廣:その通りだと思う。僕は途上国医療に興味を持ってから、HEART's*という学生団体に入って途上国の支援活動をしたり、色々勉強したんだけど、そこで感じたのは、ボランティア活動には限界があるということ。他国から手を差し伸べることは問題の根本的な解決にはならなくて、その国のシステムを変えていくことを考えないといけない。だから、まずは日本のシステムについて詳しく知って、良い部分と悪い部分を把握したい。そうしたら海外に日本の良い部分を輸出できるんじゃないかな。

榛:日本で医師免許を取るわけだし、今は日本の医療についてしっかり勉強して、それから自分たちなりに海外の医療に貢献していきたいね。
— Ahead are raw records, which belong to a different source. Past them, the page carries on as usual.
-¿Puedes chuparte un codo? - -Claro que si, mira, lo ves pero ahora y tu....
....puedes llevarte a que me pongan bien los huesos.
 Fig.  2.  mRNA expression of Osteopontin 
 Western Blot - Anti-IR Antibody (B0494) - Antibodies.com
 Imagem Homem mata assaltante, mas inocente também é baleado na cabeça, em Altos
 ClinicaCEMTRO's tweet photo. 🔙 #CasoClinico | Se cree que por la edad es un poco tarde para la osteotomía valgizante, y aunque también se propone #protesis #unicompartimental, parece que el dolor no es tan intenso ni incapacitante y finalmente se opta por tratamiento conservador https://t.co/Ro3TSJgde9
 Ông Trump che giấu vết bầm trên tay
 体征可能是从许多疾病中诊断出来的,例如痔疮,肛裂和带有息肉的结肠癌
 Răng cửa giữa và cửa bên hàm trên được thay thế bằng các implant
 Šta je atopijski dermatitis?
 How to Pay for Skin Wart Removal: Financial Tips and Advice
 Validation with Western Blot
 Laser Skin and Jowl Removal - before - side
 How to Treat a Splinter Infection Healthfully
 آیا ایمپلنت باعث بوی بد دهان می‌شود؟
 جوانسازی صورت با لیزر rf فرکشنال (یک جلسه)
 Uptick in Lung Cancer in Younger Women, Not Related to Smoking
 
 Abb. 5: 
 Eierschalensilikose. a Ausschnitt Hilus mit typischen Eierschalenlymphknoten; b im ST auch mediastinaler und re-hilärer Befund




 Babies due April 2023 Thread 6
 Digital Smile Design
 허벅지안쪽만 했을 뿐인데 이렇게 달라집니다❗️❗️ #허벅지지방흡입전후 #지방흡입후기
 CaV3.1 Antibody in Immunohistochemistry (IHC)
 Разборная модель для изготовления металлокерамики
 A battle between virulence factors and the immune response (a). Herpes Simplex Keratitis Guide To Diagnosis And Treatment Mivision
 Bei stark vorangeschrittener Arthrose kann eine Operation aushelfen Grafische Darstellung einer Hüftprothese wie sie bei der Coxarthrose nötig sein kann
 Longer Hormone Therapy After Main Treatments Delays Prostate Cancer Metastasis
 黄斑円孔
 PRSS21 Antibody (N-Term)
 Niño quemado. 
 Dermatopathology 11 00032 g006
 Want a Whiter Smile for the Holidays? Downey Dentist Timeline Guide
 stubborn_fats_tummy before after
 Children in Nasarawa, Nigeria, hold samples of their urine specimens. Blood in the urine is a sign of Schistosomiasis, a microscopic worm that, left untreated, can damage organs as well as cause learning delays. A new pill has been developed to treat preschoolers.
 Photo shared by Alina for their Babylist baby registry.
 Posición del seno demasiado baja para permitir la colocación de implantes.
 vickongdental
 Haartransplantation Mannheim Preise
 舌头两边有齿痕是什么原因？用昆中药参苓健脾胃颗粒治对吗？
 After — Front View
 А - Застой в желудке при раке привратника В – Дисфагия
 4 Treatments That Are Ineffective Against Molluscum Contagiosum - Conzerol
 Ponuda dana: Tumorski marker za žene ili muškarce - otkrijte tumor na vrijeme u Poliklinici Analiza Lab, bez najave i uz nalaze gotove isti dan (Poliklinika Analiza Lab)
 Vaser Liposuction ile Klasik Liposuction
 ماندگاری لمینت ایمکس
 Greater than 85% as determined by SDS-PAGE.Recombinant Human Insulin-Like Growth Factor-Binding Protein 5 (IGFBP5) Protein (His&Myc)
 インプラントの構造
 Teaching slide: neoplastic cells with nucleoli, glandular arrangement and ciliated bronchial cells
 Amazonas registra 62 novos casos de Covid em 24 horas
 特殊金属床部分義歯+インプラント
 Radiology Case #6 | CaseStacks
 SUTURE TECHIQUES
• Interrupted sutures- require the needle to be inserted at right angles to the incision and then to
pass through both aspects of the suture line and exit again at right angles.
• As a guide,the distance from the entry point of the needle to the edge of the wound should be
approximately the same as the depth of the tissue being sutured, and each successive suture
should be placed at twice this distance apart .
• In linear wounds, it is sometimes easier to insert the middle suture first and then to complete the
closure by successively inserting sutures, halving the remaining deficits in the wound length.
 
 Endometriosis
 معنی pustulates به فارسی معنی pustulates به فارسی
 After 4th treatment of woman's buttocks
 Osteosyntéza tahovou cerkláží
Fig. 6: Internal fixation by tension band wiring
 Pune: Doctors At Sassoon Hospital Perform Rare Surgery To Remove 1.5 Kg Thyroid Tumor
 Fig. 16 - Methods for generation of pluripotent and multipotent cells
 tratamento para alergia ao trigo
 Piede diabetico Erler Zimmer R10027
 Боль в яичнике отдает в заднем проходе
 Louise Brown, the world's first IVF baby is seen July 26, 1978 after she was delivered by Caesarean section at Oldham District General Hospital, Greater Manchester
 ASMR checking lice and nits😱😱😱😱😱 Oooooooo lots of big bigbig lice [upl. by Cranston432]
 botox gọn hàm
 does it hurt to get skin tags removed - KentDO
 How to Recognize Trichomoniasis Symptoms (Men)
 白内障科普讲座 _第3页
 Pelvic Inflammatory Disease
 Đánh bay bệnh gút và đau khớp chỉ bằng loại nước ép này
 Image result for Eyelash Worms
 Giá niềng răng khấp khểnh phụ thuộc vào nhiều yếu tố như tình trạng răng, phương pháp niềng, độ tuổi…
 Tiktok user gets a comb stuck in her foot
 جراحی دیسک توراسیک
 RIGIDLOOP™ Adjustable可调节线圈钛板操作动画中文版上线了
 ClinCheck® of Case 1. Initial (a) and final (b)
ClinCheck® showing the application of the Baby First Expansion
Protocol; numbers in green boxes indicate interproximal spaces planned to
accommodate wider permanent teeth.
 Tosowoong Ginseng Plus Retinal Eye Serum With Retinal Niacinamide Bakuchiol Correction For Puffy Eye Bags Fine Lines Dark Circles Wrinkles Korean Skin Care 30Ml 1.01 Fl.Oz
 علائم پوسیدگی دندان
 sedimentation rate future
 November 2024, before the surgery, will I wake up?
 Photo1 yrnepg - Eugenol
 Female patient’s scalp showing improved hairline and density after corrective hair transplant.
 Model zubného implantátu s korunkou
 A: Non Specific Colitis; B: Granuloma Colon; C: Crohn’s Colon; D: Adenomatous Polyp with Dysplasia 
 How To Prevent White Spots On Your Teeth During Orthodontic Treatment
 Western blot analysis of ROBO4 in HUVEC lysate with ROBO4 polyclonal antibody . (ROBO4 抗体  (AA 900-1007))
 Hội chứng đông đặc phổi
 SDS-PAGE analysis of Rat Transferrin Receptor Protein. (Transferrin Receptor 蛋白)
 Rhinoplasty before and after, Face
廣:そうだね。意外と同じようなことを考えてたことがわかったし、今日は話せて良かった。将来何か一緒に活動できたらいいね。

F2F

*HEART's…NPO法人ジャパンハート直属の学生団体。ジャパンハートは2004年、国際医療ボランティア団体として設立された。「医療の届かないところに医療を届ける」という理念のもとに様々な活動を行っている。

廣瀬 正明(名古屋市立大学4年)
1988年、名古屋に生まれ、幼少期をアメリカのカリフォルニア州にて過ごす。2011年に国際基督教大学教養学部を卒業。在学中、単身インドに渡り、農村地帯に1か月間滞在してメディカルインターンシップに参加。2013年、名古屋市立大学医学部に入学。「HEART's」や学内の東北支援サークルの活動に従事し、現在に至る。

榛原 梓園(名古屋市立大学4年)
正明とは実はそこまで深く話したことは無かった。たまに授業で席が近くになるとすごく気が合ったが、その理由が今回わかった気がする。こんなに身近に同じ思いで日本、そして世界の医療を見つめている人が居るとわかって驚いたが、正直嬉しくてたまらない。世界に羽ばたけるように、まずは日本の医療について2人で切磋琢磨して頑張って極めたい。